One of the benefits of this structure, he says, is that it allows GTC to offer more competitive rates to its customers.

Further down the line, GTC will also look to develop a credit default swap (CDS) product for the trade receivables asset class. This, de Vleeschauwer says, is an attempt to provide an alternative to traditional insurance.

“The idea being that the trade receivables CDS would replace traditional trade credit insurance products. It’s a credit derivative, and upon default of a credit, you swap your instrument for cash,” he says.

“That will be a very interesting dynamic, it’s forward-thinking, it doesn’t really exist yet, so it will be game-changing in this space,” he adds.

de Vleeschauwer expects the first capital to be deployed by the end of September, in the first instance funded by GTC’s own equity.

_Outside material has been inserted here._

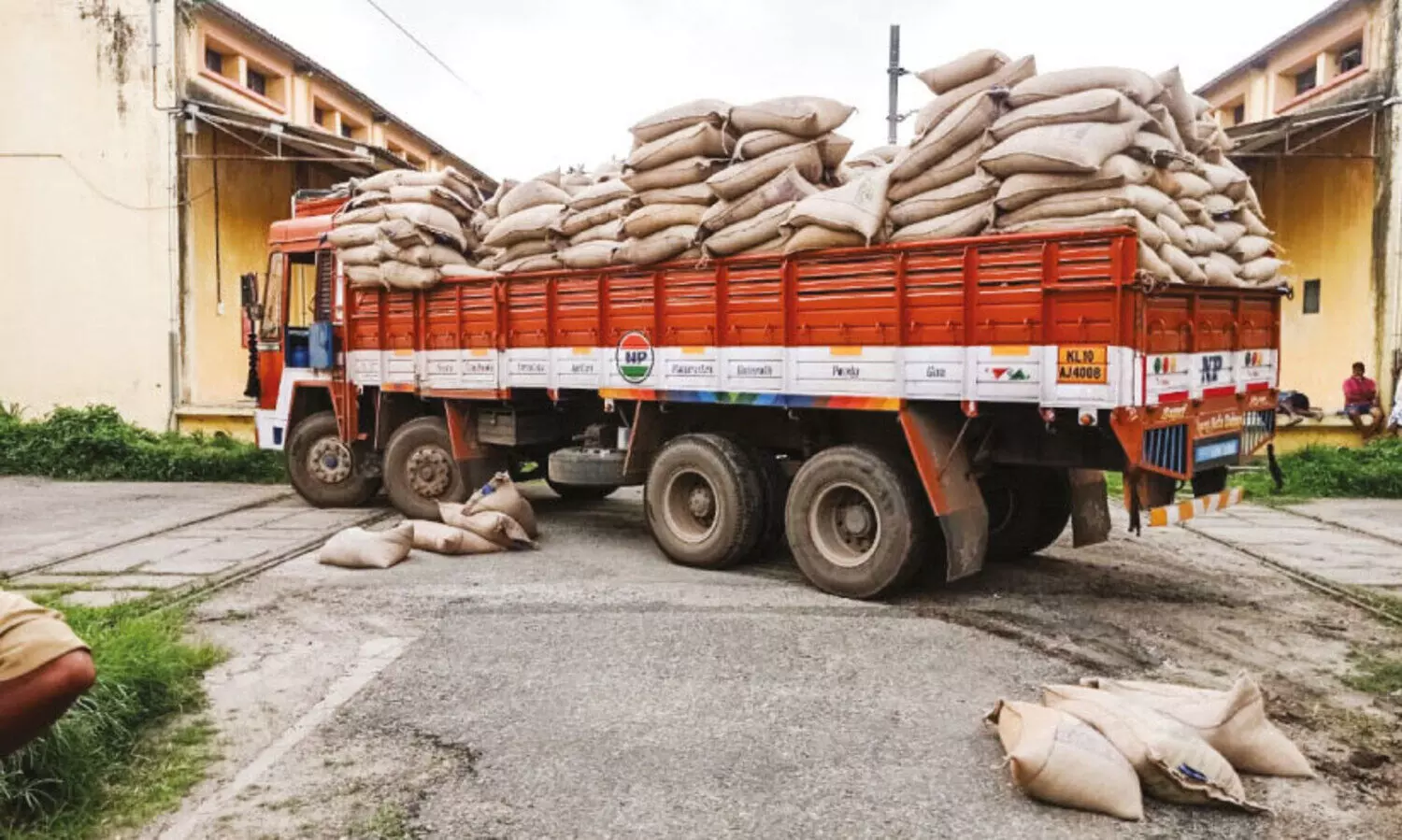 എഫ്.സി.ഐയിൽ ഭക്ഷ്യധാന്യ വിതരണം വീണ്ടും തടസ്സപ്പെട്ടു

de Vleeschauwer has spent almost 15 years in various buy-side private debt and equity roles throughout Asia and Emea, with a particular focus on structured trade and working capital finance, securitisation, syndication, origination, asset and portfolio management across a variety of sectors. Prior to Africa Merchant Capital, he was head of structured finance and credit at GLI Finance, a London-based financier focusing on small and medium-sized companies in the US, UK and Europe.

Also joining the GTC team, Clint Walker has been appointed portfolio manager. Walker also moves from Africa Merchant Capital, where he worked as a transactor in the trade finance business, managing deal origination, structuring and performance.